Although I am certainly not an expert, by now I am a seasoned racer. To date, I have completed 7 half marathons, 1 full marathon, 6 triathlons, and countless 5ks. During this time, I have learned many things to do--and NOT to do--in order to make race day a success. While you can easily google this and find many lists of things to help you on race day, I decided to compile my own list, most of them learned through experience.
1) Get to the race early. I can't stress this point enough. Arriving to your race early will decrease your stress level (sitting in traffic as the start time grows nearer and nearer does no good for your blood pressure!), allow time to stand in the long port-o-potty line, and give you time to acclimate yourself and warm-up. If you are doing a triathlon, getting there early will allow you to leisurely lay out your gear in transition. You'll also have time to find the key entry/exit points from transition (swim-in/bike-out/bike-in/run-out) and where they are in relation to your rack.
I have been to quite a few races where I have witnessed other people stuck in traffic and missing the start time. The Safari Park Half Marathon was a logistical nightmare; I got there in plenty of time, but others weren't so lucky and had to park miles away and run to the start line! I easily cruised up to Long Beach a few weeks ago for the half marathon and slipped into my pre-paid parking spot without any traffic at all; however, afterward I read that many runners, who were maybe only 30 minutes behind me on the freeway, got stuck in horrendous traffic and people missed the start time. Even a few weeks ago, at the Mission Bay Triathlon, I myself left in plenty of time yet ran into a ton of unforeseen traffic and had only 15 minutes or so to set up my gear before I had to exit transition.
The lesson? Look at your start time, and backtrack from there. Allow PLENTY of time to arrive to your destination, park, and get to the race area. Once you have your goal time to leave the house, do yourself a favor and backtrack it by another 30 minutes or so. Yes, this means you have to get up earlier. But the worst-case scenario is that you arrive too early and sit in your car for a while listening to the radio. You will not be stuck in traffic, worrying and stressing, and be able to start the race in a good mood and having used the facilities, if you need to.
2) Charge your electronics. These days, most runners use some sort of electronic devices when they run. Garmins (or other GPS aides), heart-rate monitors, iPods/MP3 players are all common place. What a bummer it is when you fail to charge your device though! At this year's Rock 'n' Roll San Diego Half Marathon, I had wanted to reach my goal of breaking the 2:30 barrier. However, I had not properly charged my Garmin, and the battery died at mile 7. I had no idea of my pace or what time it was. I am convinced that had I known my pace, I would have reached my goal (I missed by time goal by just over a minute) as I would have kicked up the pace at the end, knowing how close I was. In triathlons, you are not allowed to bike or run with music, but most running races allow it....and I can't imagine running a 13.1 mile half marathon without my favorite tunes in my ears. Failing to charge my iPod would be horrible for me.

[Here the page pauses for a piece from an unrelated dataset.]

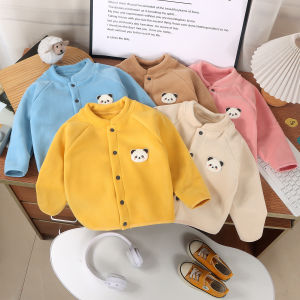 เสื้อแจ็คเก็ตกำมะหยี่ Baby Olympic สำหรับเด็กผู้ชายและเด็กผู้หญิงในฤดูใบไม้ผลิและฤดูใบไม้ร่วง เสื้อเด็ก เสื้อคาร์ดิแกนหนาน่ารักสำหรับเด็ก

3) Nothing new on race day. This is common knowledge among runners; we hear this again and again. However, I know plenty of people who fail to listen to this sage advice. "Nothing new on race day" means no new clothes, food or hydration. If you need new running shoes, don't buy a pair at the expo the day before and wear them on race day. During the Long Beach Half Marathon a few weeks ago, I used a extra pouch on my fuel belt that I bought to hold my camera. If you read my race recap, you'll remember that my camera bounced out of it after I forgot to velcro it closed. Had I used this pouch on a training run, I would have been more practiced with closing the pouch, and the camera probably wouldn't have bounced out.
As for hydration and nutrition, if you train with a favorite sports drink, and you find out that the race course support will be handing out a different brand, either don't take any during the race or drink some of the new brand during a training run to see how your stomach reacts to it. I myself bring my own Gatorade on my fuel belt, but, for example, when I read that a race is offering a different sports drink like Cytomax I try it weeks ahead of time to see how I like it. I've heard of many a runner who drinks an untried brand of fluid during a race and ends up with stomach cramps. This goes for gels (I use GU and once passed by the table handing out PowerBar Energy Gels because I had never tried it and didn't want to start during mile 9 of a half marathon)! I just bought some Nuun and will be trying it this weekend, far ahead of my next scheduled half marathon.
And, of course, make sure you've run in your shoes, socks, clothes, hat, and whatever else you plan on wearing. Doing a triathlon in open-water? Make sure you've had some open-water swim practice...IN the wetsuit you are planning to use, and with the same goggles. Work out any kinks before the race.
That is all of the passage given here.